Грифф, Дин и Джаспер прекращают играть, Эльф завершает «Докажи» в одиночестве. Зал смолкает, чтобы не пропустить ни слова. Луч прожектора падает на рояль. В глазах королевы пиктов сверкают две крошечные точки. Ее кожа становится золотом. И руки Эльф тоже…

Тем, кто ворует, нужны дурачки, доверчивые ребята.

Наивный не видит вранья сквозь очки – что в уши попало, то свято.

Влюбленным необходим антидот от этой серьезной болезни.

Певцам – адвокат, пистолет, пулемет – в общем, что будет полезней.

«Мой криминал себя оправдал, – втирает Ромео подросткам. —

Я докажу!» – до сих пор голосит ворюга по всем перекресткам.

Зачатки жизниВторая сторона

Ночной дозор

Под водой вращаются гребные винты, вспенивают липучее море, и «Арнем» отчаливает от бетонной стенки Гарвичской пристани.

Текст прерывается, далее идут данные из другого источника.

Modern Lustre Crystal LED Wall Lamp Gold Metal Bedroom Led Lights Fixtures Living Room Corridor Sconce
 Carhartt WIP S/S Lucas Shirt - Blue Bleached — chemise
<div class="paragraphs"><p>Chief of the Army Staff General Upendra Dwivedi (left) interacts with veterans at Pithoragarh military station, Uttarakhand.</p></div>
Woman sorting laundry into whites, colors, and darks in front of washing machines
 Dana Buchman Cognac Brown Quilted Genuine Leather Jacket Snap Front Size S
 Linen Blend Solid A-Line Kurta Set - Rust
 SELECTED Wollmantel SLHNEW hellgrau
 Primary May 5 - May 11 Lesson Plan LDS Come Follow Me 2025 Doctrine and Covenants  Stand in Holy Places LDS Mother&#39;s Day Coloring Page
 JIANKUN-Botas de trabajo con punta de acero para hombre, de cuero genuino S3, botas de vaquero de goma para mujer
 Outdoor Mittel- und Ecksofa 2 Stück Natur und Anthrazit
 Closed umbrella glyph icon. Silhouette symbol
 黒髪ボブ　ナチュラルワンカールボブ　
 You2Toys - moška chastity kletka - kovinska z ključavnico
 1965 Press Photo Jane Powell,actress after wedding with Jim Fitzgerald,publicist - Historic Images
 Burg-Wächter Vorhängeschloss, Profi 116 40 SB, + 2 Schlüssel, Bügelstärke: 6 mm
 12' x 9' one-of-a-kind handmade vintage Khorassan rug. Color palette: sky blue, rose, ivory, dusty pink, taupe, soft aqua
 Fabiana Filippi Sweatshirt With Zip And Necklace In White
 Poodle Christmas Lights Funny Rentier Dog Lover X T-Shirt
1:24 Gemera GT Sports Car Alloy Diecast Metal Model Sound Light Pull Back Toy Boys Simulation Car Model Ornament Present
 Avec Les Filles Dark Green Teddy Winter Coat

Палуба поднимается, опускается и кренится на волнах.

– Встречай нас, Амстердам, – говорит Грифф.

– Встречай нас, легальная наркота, – говорит Дин.

– Не то чтобы легальная, – поправляет его Левон. – Дозволенная, но в пределах разумного. Так что ведите себя осмотрительно. Очень вас прошу. Неприятности с полицией плохо скажутся на перспективах дальнейших зарубежных гастролей.

Трижды зычно рявкает гудок «Арнема».

– А правда, что в квартале красных фонарей шлюхи стоят в застекленных кабинках, чтобы с улицы было видно? – спрашивает Грифф.

– Правда, – отвечает Джаспер.

– Вот оно, счастье, – говорит Эльф. – Порнография без журналов.

Джаспер предполагает, что это сарказм.

– Если ты туда соберешься, мне не говори, – предупреждает Эльф Дина. – Я не хочу врать Эми. Точнее, не буду.

– Я? Да я чист как первый снег! – Дин прикладывает руку к сердцу.

– И ты переправлялся на этом пароме каждое лето? – спрашивает Левон Джаспера.

– Да, каждое лето. Шофер забирал меня из Или, привозил в Гарвич и сажал на паром. А там меня встречал дедушка, и мы с ним ехали в Домбург.

– Де Зуты живут в Домбурге? – спрашивает Эльф.

– Де Зуты живут в Миддельбурге, столице провинции Зеландия. А я жил в семье викария, в Домбурге, на побережье.

– А почему ты не жил с родственниками? – спрашивает Дин.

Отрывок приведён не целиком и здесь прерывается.